Listening to the Land: Gwendolyn Lusk and the Legacy of Women Ranchers

Some people come to ranching later in life. For Gwendolyn Lusk, it has always been part of her, shaped by five generations of women and a lifelong relationship with the land.

Born just north of Houston, Texas, property her family has stewarded for generations, Gwen spent her earliest years there before her parents moved the family into the city. She grew up in Houston, went to school there, and built a long and successful corporate career. Every summer, she returned to the land and her family whenever she could—to the chickens, the garden, the cows, and especially to her grandmother, who shaped how she understands land, time, and responsibility.

“My grandmother would sit on the porch every morning with a cup of coffee,” Gwen remembers. “I used to wonder what she was doing. Now I understand that she was listening.”

That practice stayed with her. Even now, Gwen begins her days outside, taking in the land before deciding what needs to be done. 

Gwen spent 40 years working for a Fortune 50 company, living and traveling all over the country. No matter where her career took her, she always found her way back to the ranch. When she was transferred to Dallas, which was close enough to visit on weekends, the pull grew stronger. By her late 30s, she knew that when she retired, this land was where she would come home.

She retired in 2018. In 2020, she began building her home on a specific rise of land that had always felt different to her.

“It just had more energy,” she says. “It felt like a warm blanket.”
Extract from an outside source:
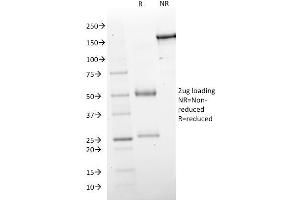 SDS-PAGE Analysis Purified GAD1 (GAD67) Mouse Monoclonal Antibody (GAD1/2563). (GAD Antikörper  (AA 72-135))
As she talked with elders in her family and community during the build, Gwen learned why that place felt sacred. It was the home place, the original center of her family’s land. It was where her great-great-grandmother, Jane, lived after emancipating herself from slavery. Born in 1836, Jane was known throughout the community as a healer, using herbs and traditional knowledge to care for the sick, the injured, and newborns who weren’t expected to survive. The creek that runs behind the property served as cooking water, bathing water, and a baptism site for generations.
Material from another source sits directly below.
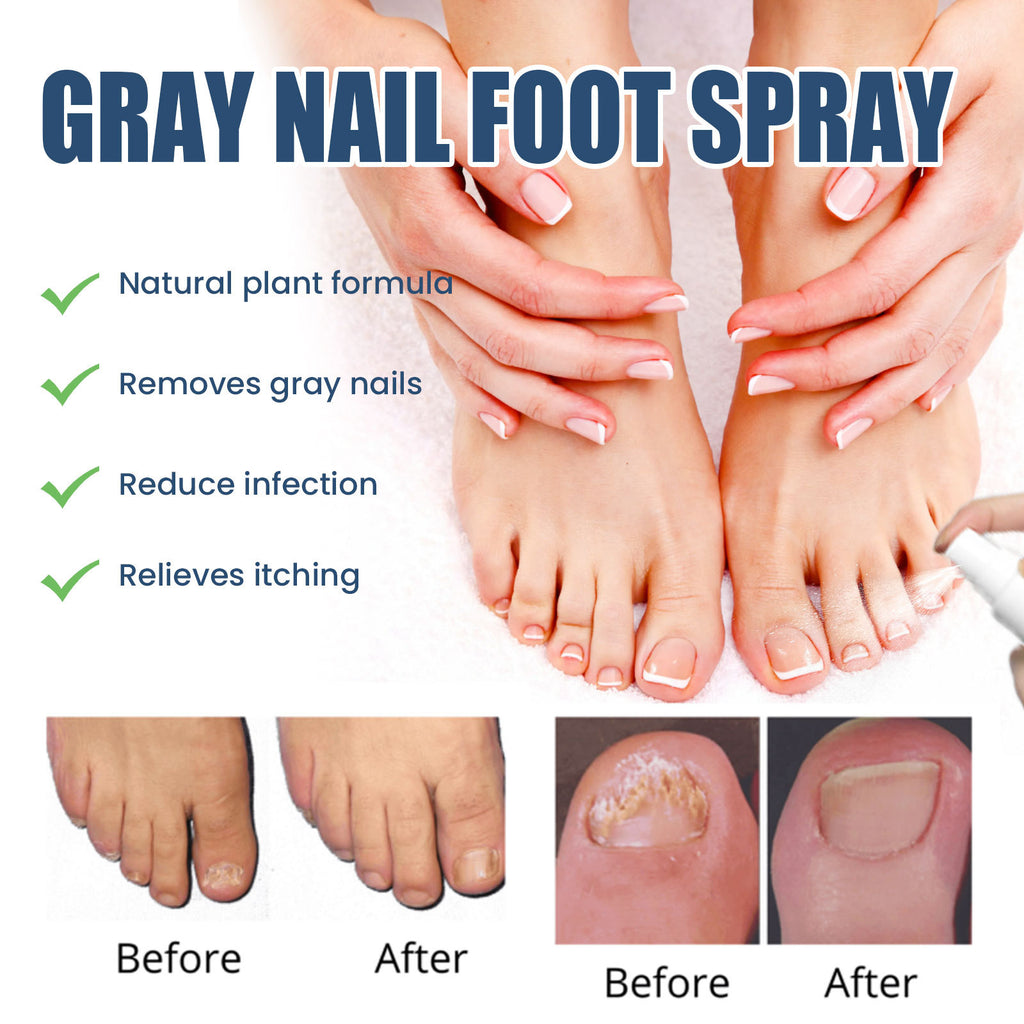 South Moon Nail Repair Spray for Moisturizing Care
Today, Gwen calls herself a “boutique rancher.” She manages 50 acres of the family’s 112, running a small herd of cattle alongside a horse and a donkey, while leaving the remaining land largely undisturbed as she learns what it needs. She has taken a regenerative approach to ranching, using rotational grazing and diverse cover crops to restore soil depleted over decades.

“I like to see results,” she says. And she has seen results, including longer green grass, healthier cattle, and stronger animals at market. 

Gwen’s vision for the land goes far beyond production. She hosts retreats at her ranch, the Double G. It is a working ranch, but also a place of rest, reflection and community. The original house where she was born still stands, and she’s renovating it into a tech-free gathering space for guests. 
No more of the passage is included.